* What the exercise asks *
Write out every record below exactly as it stands, leaving the pictures out.

Records from a dataset:
>>>
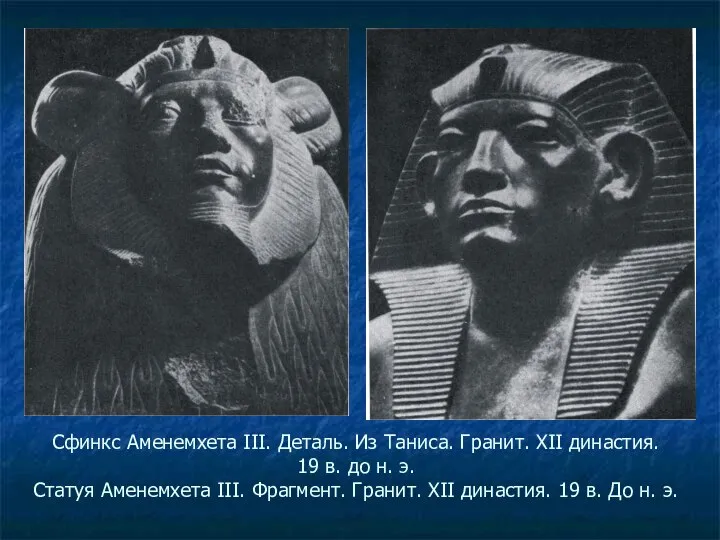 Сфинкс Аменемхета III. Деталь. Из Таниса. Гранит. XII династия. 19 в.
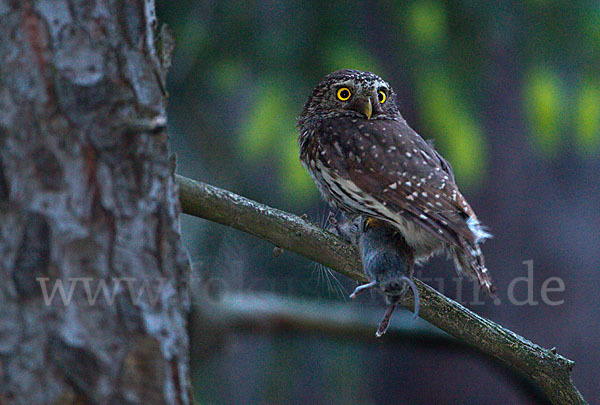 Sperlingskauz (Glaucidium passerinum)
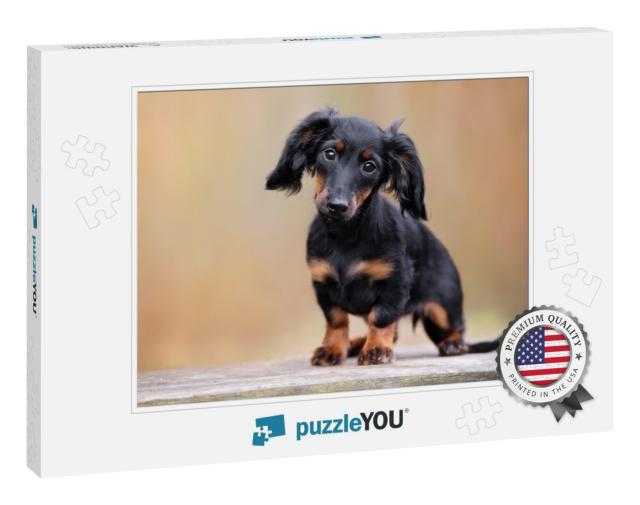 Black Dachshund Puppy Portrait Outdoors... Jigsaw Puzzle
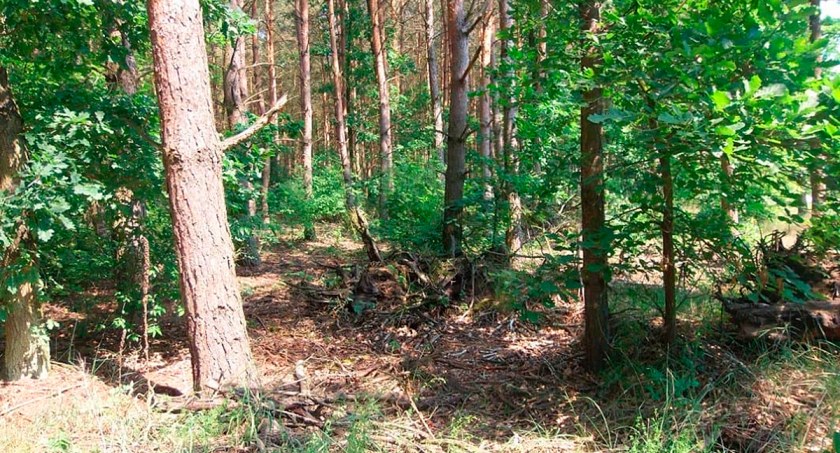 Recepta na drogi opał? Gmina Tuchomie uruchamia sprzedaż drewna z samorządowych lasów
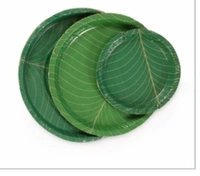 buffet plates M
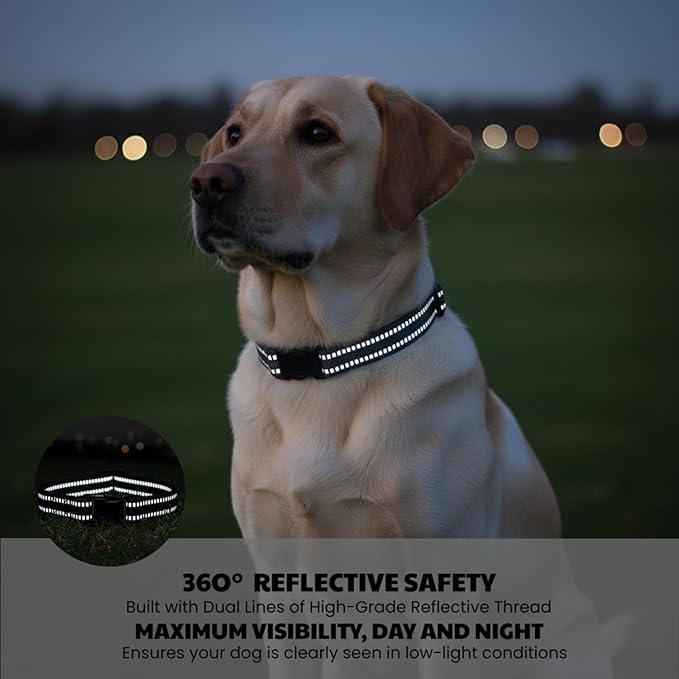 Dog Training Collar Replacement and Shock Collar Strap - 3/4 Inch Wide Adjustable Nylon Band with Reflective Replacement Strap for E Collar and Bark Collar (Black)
<<<
* Solution *
 Сфинкс Аменемхета III. Деталь. Из Таниса. Гранит. XII династия. 19 в.
 Sperlingskauz (Glaucidium passerinum)
 Black Dachshund Puppy Portrait Outdoors... Jigsaw Puzzle
 Recepta na drogi opał? Gmina Tuchomie uruchamia sprzedaż drewna z samorządowych lasów
 buffet plates M
 Dog Training Collar Replacement and Shock Collar Strap - 3/4 Inch Wide Adjustable Nylon Band with Reflective Replacement Strap for E Collar and Bark Collar (Black)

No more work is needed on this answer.